Fonte Marissa E. Cameron et al, Morphological mapping of Ganymede: Investigating the role of strike-slip tectonics in the evolution of terrain types, Icarus


Immagine di Ganimede della sonda Galileo sullo sfondo di una immagine della Voyager. La regione è Tiamat Sulcun. Crediti NASA/Cameron et al.
Immagine di Ganimede della sonda Galileo sullo sfondo di una immagine della Voyager.
La regione è Tiamat Sulcun. Crediti NASA/Cameron et al.

Ganimede, satellite ghiacciato di Giove, sembra aver sperimentato una attività geologica di tutto rispetto con situazioni molti simili alla faglia di Sant'Andrea sulla Terra e quindi di tettonica. Sulla Terra la tettonica a placche ha dato vita alle strutture che vediamo oggi come continenti, catene montuose e faglie oltre a fenomeni come terremoti. 

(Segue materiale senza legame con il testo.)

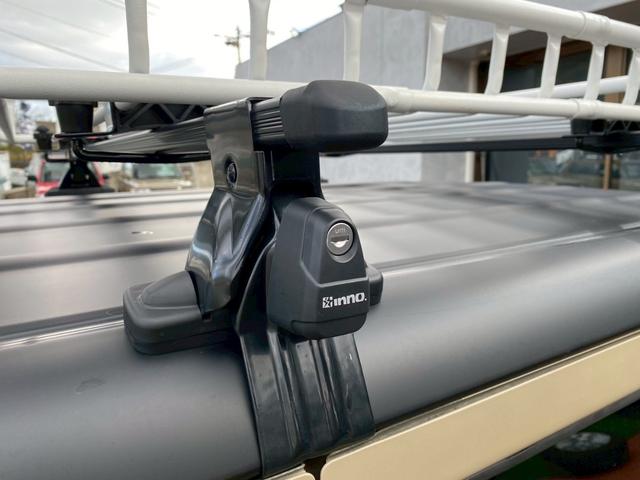 アルトラパンショコラ Ｘ　ｓｍａｒｔキャルルックカスタムスタイル（50枚目）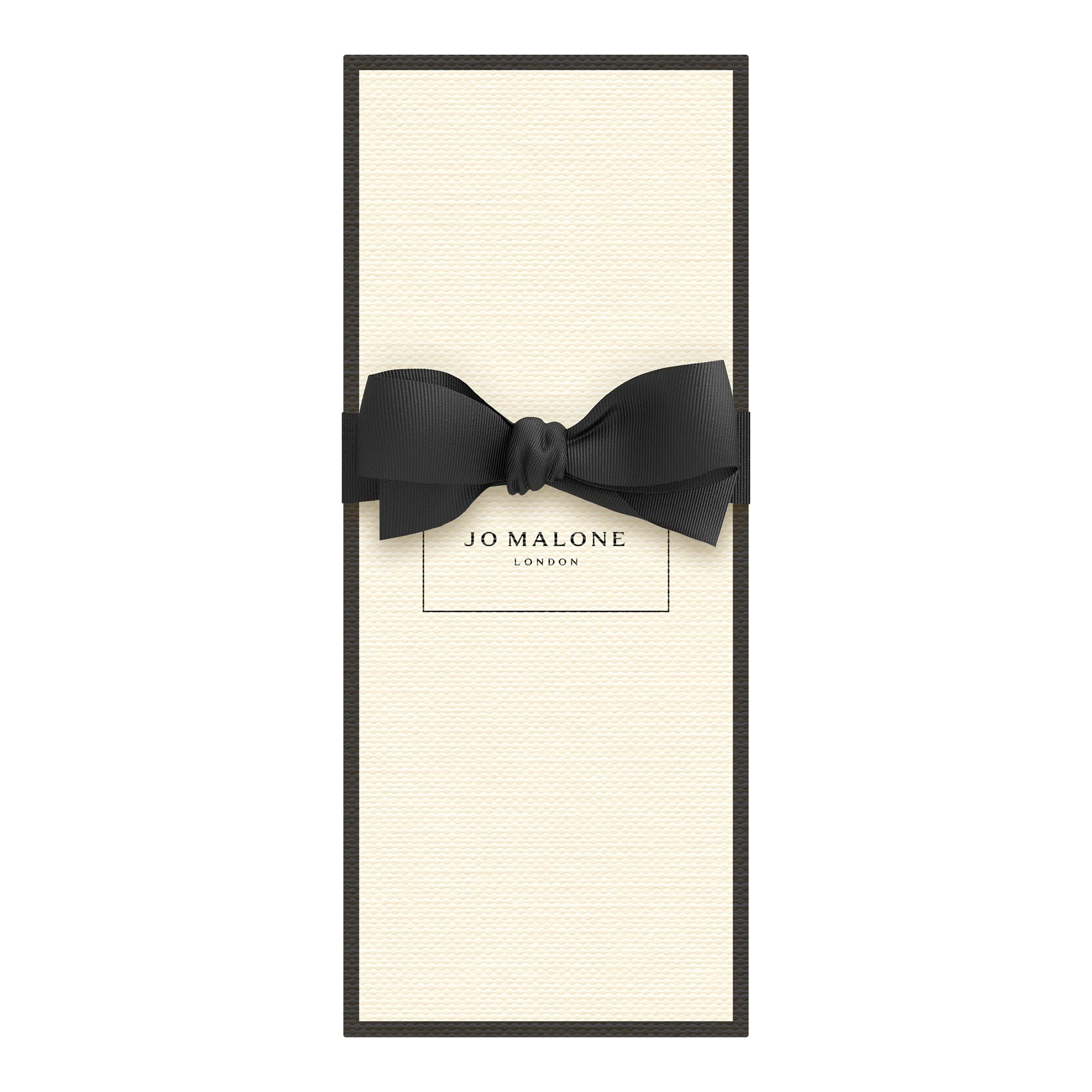 Jo Malone London Wood Sage & Sea Salt 30 ml - Image 2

La superficie pesantemente fratturata di Ganimede mostra i segni distintivi di attività simili e questo rende la luna ancora più interessante anche in virtù del fatto che, unitamente a Europa, si tratta di un mondo che dovrebbe presentare un oceano di acqua sotterraneo. 

Europa ha dei processi tettonici del tutto simili a quelli terrestri mentre Ganimede, a quanto pare, li ha avuti anche se attualmente si tratta di una crosta inattiva. Per esserne certi, gli astronomi hanno portato a termine una mappatura della luna Ganimede mettendo insieme le immagini ottenute dalla sonda Galileo, che ha orbitato Giove tra il 1995 e il 2003. Su tutti  e nove i siti studiati le tracce sembrano portare allo stesso risultato, il che potrebbe essere indice di un fenomeno globale, o almeno a larga scala.

La missione Clipper, destinata alle lune di Giove, acquisisce sempre più fascino. Il lancio è previsto tra il 2022 e il 2025 e prevede 45 orbite strette su Europa.